[Trombone-l] Practice for what?

thetubameister@adelphia.net thetubameister at adelphia.net
Fri May 23 08:02:12 CDT 2008

Interesting thoughts...

I wonder, I do - and have done - a great deal of listening.  The odd thing is, as a trombonist and tubist, that I've almost always leaned heavily on baroque music, repertoire, recordings, recital material, etc.  Like, 80% of my listening.  Now, I can probably ID Mahler, but not always the right symphony, Quiet City isn't even on my radar...  But Telemann, Purcell, and Bach are much easier for me, and I've always identified with this music much more.

I think it has created in my a quality in my playing to search for articulation perfection and clarity.  Hear enough Organ, Lute, and even "Switched on Bach", and there's an inherant clarity which is a standard you hold yourself to mercilessly.

I'm not sure listening to the actual pieces repetitively to the point of memorizing all of Mahler's Opuses (Opi?) is as necessary as listening in general.  Being inspired, listen to great artistis of ALL instruments, these are things which can bring us above and beyond our mere repertoire.  And motivate us to go into the practice room time and again...

Just some thoughts :-)


---- Roger Harvey <rharvey at brassworks-music.com> wrote: 
> Dear all,
> As I contribute to the current practice thread it worries me that we  
> become so involved with technical matters of playing an instrument  
> that we forget why we are doing it in the first place.
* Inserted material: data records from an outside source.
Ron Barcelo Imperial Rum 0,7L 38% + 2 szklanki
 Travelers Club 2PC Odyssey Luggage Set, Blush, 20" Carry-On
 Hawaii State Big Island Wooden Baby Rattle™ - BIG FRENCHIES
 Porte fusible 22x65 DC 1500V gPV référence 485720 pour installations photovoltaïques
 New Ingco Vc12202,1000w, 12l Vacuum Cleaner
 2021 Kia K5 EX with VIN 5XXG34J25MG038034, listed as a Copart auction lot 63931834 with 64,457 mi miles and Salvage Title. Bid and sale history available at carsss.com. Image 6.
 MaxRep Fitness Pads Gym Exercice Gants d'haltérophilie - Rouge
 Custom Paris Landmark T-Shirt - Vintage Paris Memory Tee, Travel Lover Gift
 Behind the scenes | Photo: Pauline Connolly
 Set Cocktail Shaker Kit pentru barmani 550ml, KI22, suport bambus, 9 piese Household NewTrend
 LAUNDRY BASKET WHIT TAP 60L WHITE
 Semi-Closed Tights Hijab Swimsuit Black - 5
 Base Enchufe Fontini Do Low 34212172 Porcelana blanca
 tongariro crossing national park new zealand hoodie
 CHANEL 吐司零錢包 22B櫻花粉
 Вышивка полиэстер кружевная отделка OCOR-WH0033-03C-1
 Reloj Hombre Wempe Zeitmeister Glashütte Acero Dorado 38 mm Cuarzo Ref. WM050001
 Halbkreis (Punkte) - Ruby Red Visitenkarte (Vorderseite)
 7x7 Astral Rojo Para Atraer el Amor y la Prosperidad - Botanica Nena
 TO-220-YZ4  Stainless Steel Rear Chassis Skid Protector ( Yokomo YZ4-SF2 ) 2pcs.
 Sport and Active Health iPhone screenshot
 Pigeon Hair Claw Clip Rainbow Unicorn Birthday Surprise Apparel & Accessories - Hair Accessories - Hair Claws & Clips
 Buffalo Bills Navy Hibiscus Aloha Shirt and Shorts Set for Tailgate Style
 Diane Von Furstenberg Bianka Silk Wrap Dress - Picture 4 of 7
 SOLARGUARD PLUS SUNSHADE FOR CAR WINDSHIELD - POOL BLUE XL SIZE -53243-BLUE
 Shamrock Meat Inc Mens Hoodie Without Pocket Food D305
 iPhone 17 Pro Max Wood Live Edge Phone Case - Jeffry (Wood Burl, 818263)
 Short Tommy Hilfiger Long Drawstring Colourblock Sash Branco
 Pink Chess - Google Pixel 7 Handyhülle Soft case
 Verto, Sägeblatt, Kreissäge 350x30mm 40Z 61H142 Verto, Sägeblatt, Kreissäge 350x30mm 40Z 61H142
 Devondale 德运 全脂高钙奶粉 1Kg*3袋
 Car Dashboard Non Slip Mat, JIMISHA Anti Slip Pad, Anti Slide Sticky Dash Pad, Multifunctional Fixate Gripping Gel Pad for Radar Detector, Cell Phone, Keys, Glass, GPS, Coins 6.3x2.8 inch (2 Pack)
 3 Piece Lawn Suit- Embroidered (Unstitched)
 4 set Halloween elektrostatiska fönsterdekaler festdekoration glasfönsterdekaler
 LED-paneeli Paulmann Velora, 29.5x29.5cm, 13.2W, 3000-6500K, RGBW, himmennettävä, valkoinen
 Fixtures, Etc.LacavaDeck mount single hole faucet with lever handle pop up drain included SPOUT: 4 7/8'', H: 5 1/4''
Many players, I  
> know, just love playing their instrument. For most, I hope, it is more  
> than that - it's our way of being involved in the hugely stimulating  
> activity of corporate music-making. I feel that this should never be  
> forgotten during the hard hours of personal practice. I sometimes  
> wonder why some people continue to play as they seem not to be  
> interested in music and occasionally even dislike it. I'm not talking  
> about a lack of involvement with a particular piece or composer but a  
> more general disinterest in music as a whole. I decided to test this  
> out recently at a trombone Masterclass in a leading music college: I  
> compiled a quiz of 10 substantial extracts, mainly from the core  
> repertoire (Mastersinger Overture, Schubert 9, Mahler 3 etc) with a  
> couple of more difficult items (Berg Violin Concert, Elgar  
> Introduction and Allegro, Monteverdi Vespers). The extracts were  
> substantial and typical of the composers - mostly openings - this was  
> not meant to be tricky. 1 point per composer and 1 point per piece -  
> max 20. 1 student got 13, all others were below, and some well below,  
> half marks. My wife was taking a trumpet class at another major  
> college and asked me to do a similar selection for her. 20 pieces this  
> time, similarly mostly well-known pieces with a few slightly more  
> testing but still characteristic pieces. One student got 1 point out  
> of 40! The top mark was 17. One student failed to identify the opening  
> of Quiet City (the bit before the trumpet starts) in spite of the fact  
> that he was performing it a final recital in two weeks time. Neither  
> of these events prove anything but it does support my theory that,  
> even in the leading colleges, many students take far too little  
> interest in the music that will be their daily diet should they  
> succeed in reaching their goal of becoming a professional orchestral  
> player. I have to ask, why spend so much time in the formative years  
> of your life attempting to perfect a skill that has no point unless  
> you have a strong interest in and love of music? Would an aspiring  
> sportsman spend hours practicing without being really interested in  
> the game itself?
> I think that's a good place to stop.